- **Exercise description**
The stretch wanted below opens at the line containing "Toni Morrison, die" and closes at the line containing "Used 2013 Ford Edge SE FWD image 1". Please return it exactly, with no other lines.

- **Given data**
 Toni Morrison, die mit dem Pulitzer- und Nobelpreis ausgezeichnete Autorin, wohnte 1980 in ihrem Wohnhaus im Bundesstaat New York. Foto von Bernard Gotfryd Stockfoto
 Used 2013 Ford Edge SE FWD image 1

==

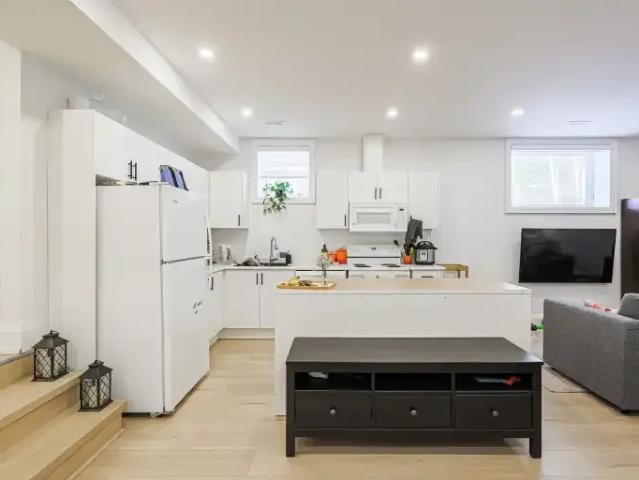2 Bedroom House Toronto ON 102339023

...

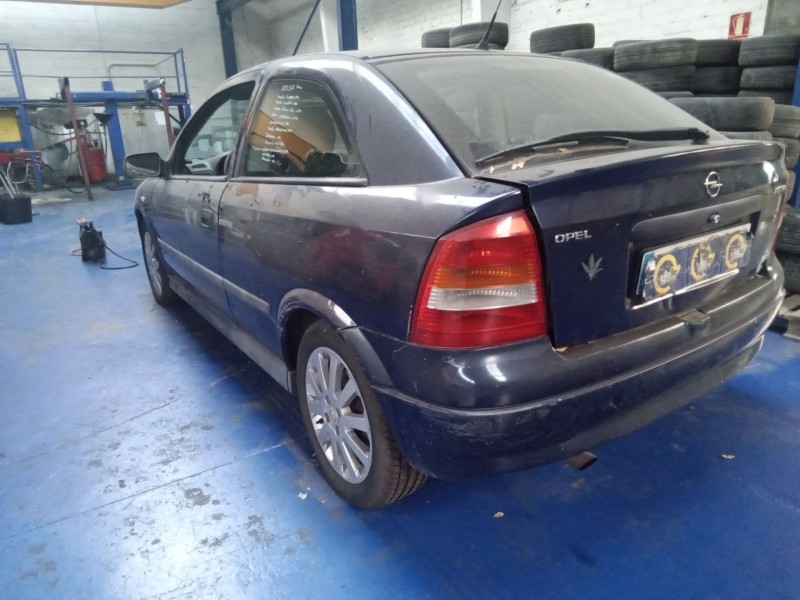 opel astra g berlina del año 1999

- **Answer box**
 Toni Morrison, die mit dem Pulitzer- und Nobelpreis ausgezeichnete Autorin, wohnte 1980 in ihrem Wohnhaus im Bundesstaat New York. Foto von Bernard Gotfryd Stockfoto
 Used 2013 Ford Edge SE FWD image 1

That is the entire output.